Townsend mentioned that because of the I/O boundness of the system, using compression typically will not allow you to remove disks from the system: with fewer disks, the I/O bottleneck becomes worse, even if those disks have less data to carry around. However, the same number of disks will be able to hold more data moving forward or can be used for additional purposes.
I asked him with all this good news whether in fact there is any reason at all not to use compression in 11g – it sounds like a win-win approach! Other than ‘we are charging you a fortune for it, as it is an extra option to the database’, there is not. And of course it is relatively easy to calculate the additional license costs vs. the savings in storage costs.
Three Tier Storage
Another contribution to lowering storage costs is by using differentiated storage. High performance storage infrastructure can cost up to $72/Gb. While that is justified for the most active data in your system, it is absolutely not required for historical data – which typically constitutes the bulk of the data. So Oracle recommends using three tiers of data storage: active, less-active (3-9 months old) and historical data, which come in a ratio of for example 10%, 30%, 60% or something like that. By using less expensive storage solutions for the bulk of the data – say down to $7/Gb for historical data – you can tremendously lower the cost of the storage solution.
To make this happen, we need something else. Since usually one table contains both active, less active and historical data, we have to have some means of distributing the data from a single table across three storage tiers. The answer to that particular challenge obviously is Partitioning. Various partitions can have various chunks of the table’s data. Partitioning by timestamp is very common and simple to implement (in fact in 11g we can even set up automatic partition creation based on time – start a new partition when the new month starts for example) and each partition can have different storage characteristics.
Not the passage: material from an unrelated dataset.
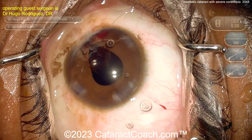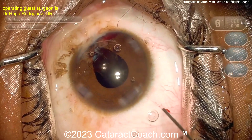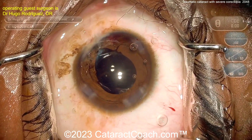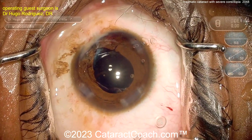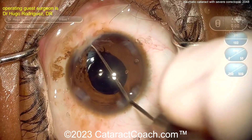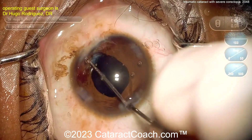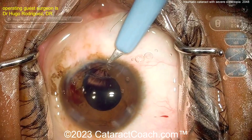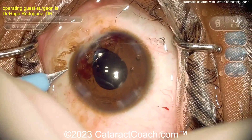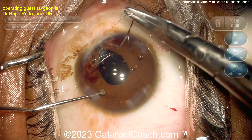Earlier the surgeon was smart to cut away the adhesion from the iris to the cornea. Now we're going to do a pupilloplasty, which is not a difficult procedure. The eye is filled with viscoelastic, which will make access for the pupilloplasty much easier. Going in with a blunt instrument to make sure no more adhesions remain. You could also use a gonio mirror or gonio prism for a better view.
The Partition by Reference option in 11g is another very useful mechanism of making partitioning of data much easier: it allows detail data to be partitioned along with its master (order lines with orders). Other new partioning options allow data to be partitioned by list-list, list-range and other combinations allowing schemes like: partition by month and then by status or partition by month and by region etc.
Both the content of what he told as well as the mannner in which he deliveried his talk were very good and inspiring. Here I am, at 4.30am on the floor of in my San Francisco hotel room’s bathroom (I do not want to wake my room mate with the lights) writing a blog on storage!